(Problem to work on)
Scan the records below for the line with "Una sala de" and the line with "a bathroom with a bathtub and shower". Repeat those two lines and every line between them exactly, and nothing else.

(Excerpted data)

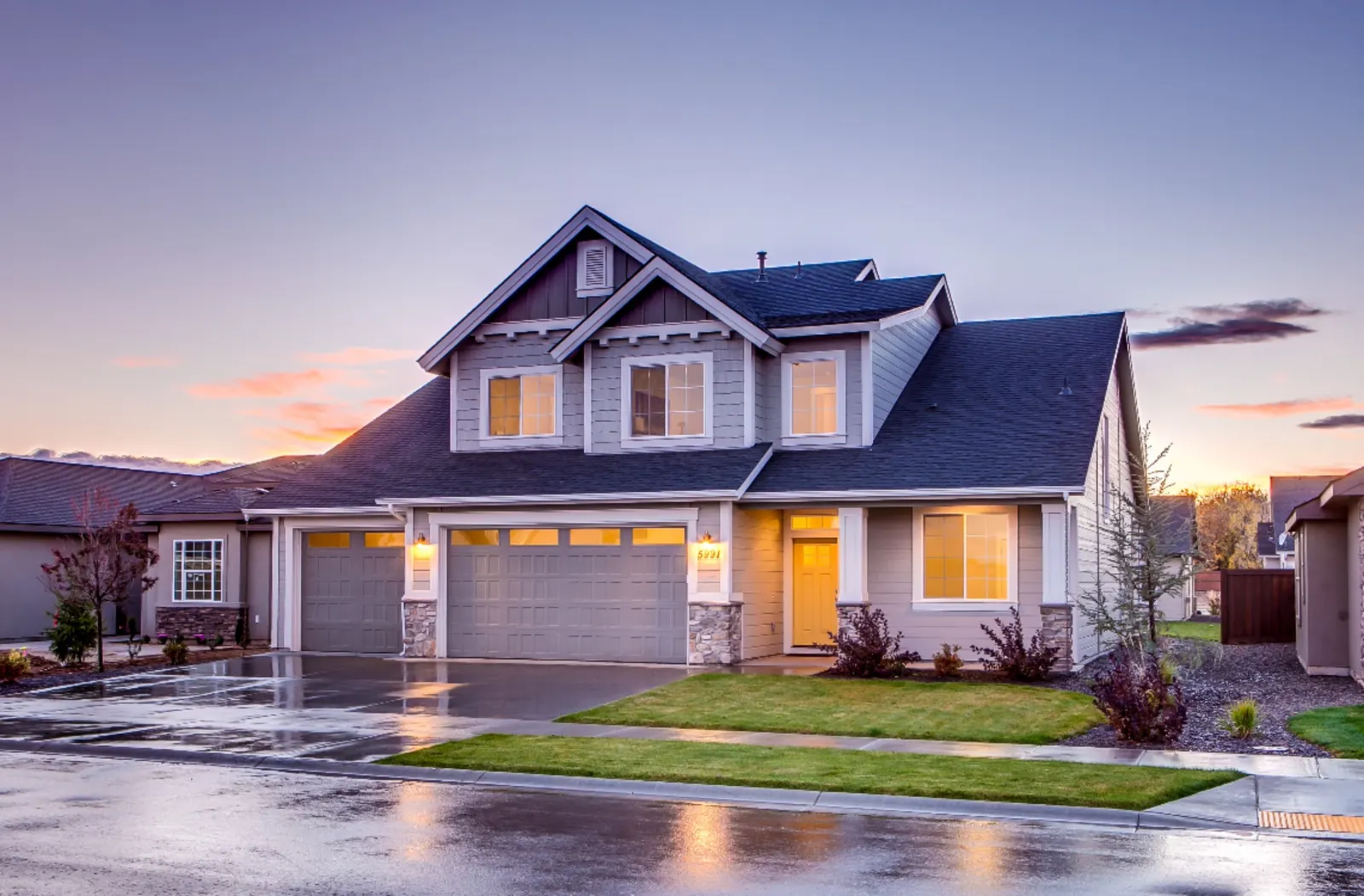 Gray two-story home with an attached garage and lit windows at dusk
...
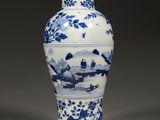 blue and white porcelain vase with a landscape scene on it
...
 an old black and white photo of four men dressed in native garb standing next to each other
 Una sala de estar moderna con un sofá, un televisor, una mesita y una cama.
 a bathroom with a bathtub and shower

(Response below)
 Una sala de estar moderna con un sofá, un televisor, una mesita y una cama.
 a bathroom with a bathtub and shower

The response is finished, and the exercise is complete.